Not Just Paris: Why Is Beirut’s Brutal Terrorist Attack Being Ignored?
Friday’s devastating attacks in Paris left hundreds dead or injured, paralyzed the city and brought ISIS’s terrorism to the Western world for the first time.
In the days since the attacks, love and support for the beloved French capital has poured out from every corner of the world. The Empire State Building and Sydney Opera House were lit in the colors of the French flag. Facebook quickly rolled out a tricolor profile picture filter so users could “support France and the people of Paris” and a “safety check” feature to allow people in Paris to alert their friends and family members that they were safe.
President Barack Obama noted that “this was an attack not just on Paris… not just on the people of France, but… on all of humanity and the universal values that we share.”
But there was another ISIS attack late last week that was every bit as tragic. It took place in Beirut – the city that many of my ancestors called home, and where I now also live and work, as a foreign correspondent. Yet the attack was barely noticed in the West. As messages of solidarity with France flood my social media feeds, and friends and peers express horror at the atrocities committed, I’m left wondering why my own people — and my peers, who make up the bulk of my stories — aren’t deemed worthy of the same caliber of coverage, the same palpable collective grief.
On Thursday evening, two ISIS operatives, whose identities are still unknown, exploded themselves in a crowded marketplace in the Bourj al-Barajneh neighborhood of Beirut, killing 44 and injuring more than 200 others in the worst terrorist attack the city has seen in years.

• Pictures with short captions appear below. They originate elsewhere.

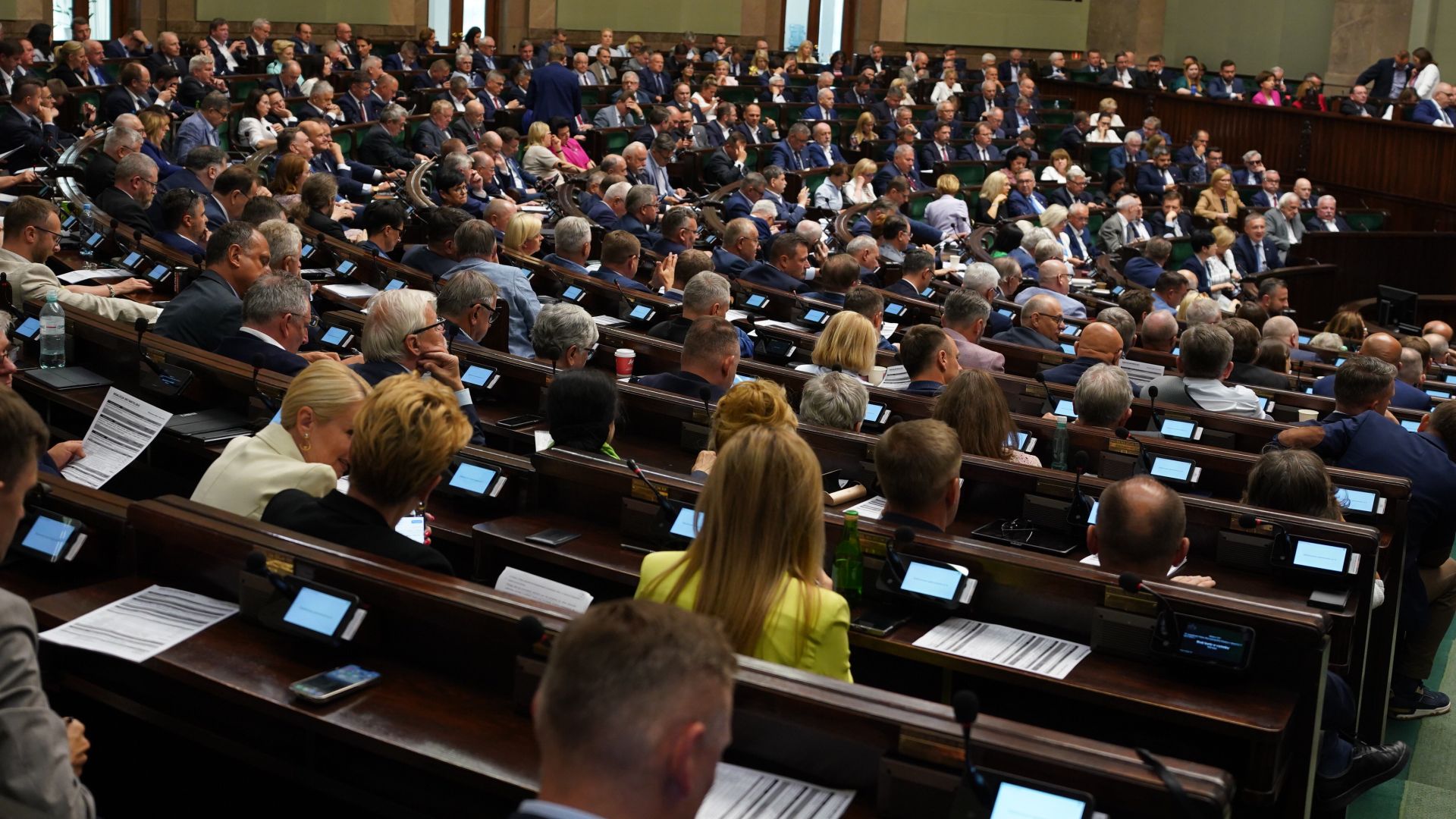 Sejm przyjął wniosek rządu o przeprowadzenie 15 października ogólnokrajowego referendum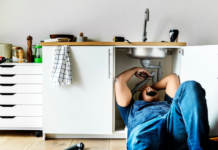 Common Plumbing Problems and When to Call a Professional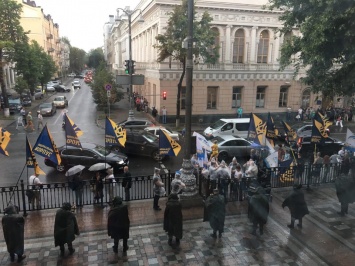 Митингующих под Радой не испугал сильный ливень. Они надели полиэтиленовые плащи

Although the terrorist group behind the attacks in Paris and Beirut was the same, the Western media narrative has been vastly different. In Paris, ISIS attacked the city’s progressive youth, massacring dozens enjoying their night out at a concert, a soccer game and a restaurant. In Beirut, ISIS struck a “Hezbollah stronghold” in the “southern suburbs of Beirut,” a poor, majority Shia area often characterized as a bastion of terrorism in the region. The attack was portrayed as little more than strategic punishment for Hezbollah’s ongoing involvement in the Syrian civil war and support of Syrian President Bashar al-Assad’s regime.